START Records supplied

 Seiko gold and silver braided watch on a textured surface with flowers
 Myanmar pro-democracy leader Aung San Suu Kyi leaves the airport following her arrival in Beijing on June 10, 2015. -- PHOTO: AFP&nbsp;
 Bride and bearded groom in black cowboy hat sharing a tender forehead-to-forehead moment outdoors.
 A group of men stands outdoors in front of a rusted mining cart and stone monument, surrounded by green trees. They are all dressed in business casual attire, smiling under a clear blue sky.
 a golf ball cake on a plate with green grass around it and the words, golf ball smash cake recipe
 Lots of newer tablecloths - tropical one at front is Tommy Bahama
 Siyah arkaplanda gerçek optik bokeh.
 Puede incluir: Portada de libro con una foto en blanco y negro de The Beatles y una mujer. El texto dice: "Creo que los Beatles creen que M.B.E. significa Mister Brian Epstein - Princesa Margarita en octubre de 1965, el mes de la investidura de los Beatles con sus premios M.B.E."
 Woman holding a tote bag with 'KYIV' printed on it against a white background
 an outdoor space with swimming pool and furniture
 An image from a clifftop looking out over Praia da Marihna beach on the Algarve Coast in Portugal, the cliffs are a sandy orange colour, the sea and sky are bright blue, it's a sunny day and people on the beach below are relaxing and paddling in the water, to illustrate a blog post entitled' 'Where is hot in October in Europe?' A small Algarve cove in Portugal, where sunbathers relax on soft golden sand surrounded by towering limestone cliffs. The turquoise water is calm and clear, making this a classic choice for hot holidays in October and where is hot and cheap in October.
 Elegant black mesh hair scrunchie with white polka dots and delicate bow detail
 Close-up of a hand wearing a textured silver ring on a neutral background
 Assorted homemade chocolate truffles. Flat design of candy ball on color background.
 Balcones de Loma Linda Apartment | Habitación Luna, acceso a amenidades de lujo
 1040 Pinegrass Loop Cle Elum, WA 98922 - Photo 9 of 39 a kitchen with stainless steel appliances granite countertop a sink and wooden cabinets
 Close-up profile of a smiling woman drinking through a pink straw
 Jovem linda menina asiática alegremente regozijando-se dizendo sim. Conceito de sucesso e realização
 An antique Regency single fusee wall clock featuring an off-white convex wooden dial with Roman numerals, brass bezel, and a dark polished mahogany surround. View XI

END Records supplied

▸ **Exercise details**: Copy exactly the lines from the one with "Balcones de Loma" through the last line of the material, keeping both ends.

▸ **Solved exercise**:
 Balcones de Loma Linda Apartment | Habitación Luna, acceso a amenidades de lujo
 1040 Pinegrass Loop Cle Elum, WA 98922 - Photo 9 of 39 a kitchen with stainless steel appliances granite countertop a sink and wooden cabinets
 Close-up profile of a smiling woman drinking through a pink straw
 Jovem linda menina asiática alegremente regozijando-se dizendo sim. Conceito de sucesso e realização
 An antique Regency single fusee wall clock featuring an off-white convex wooden dial with Roman numerals, brass bezel, and a dark polished mahogany surround. View XI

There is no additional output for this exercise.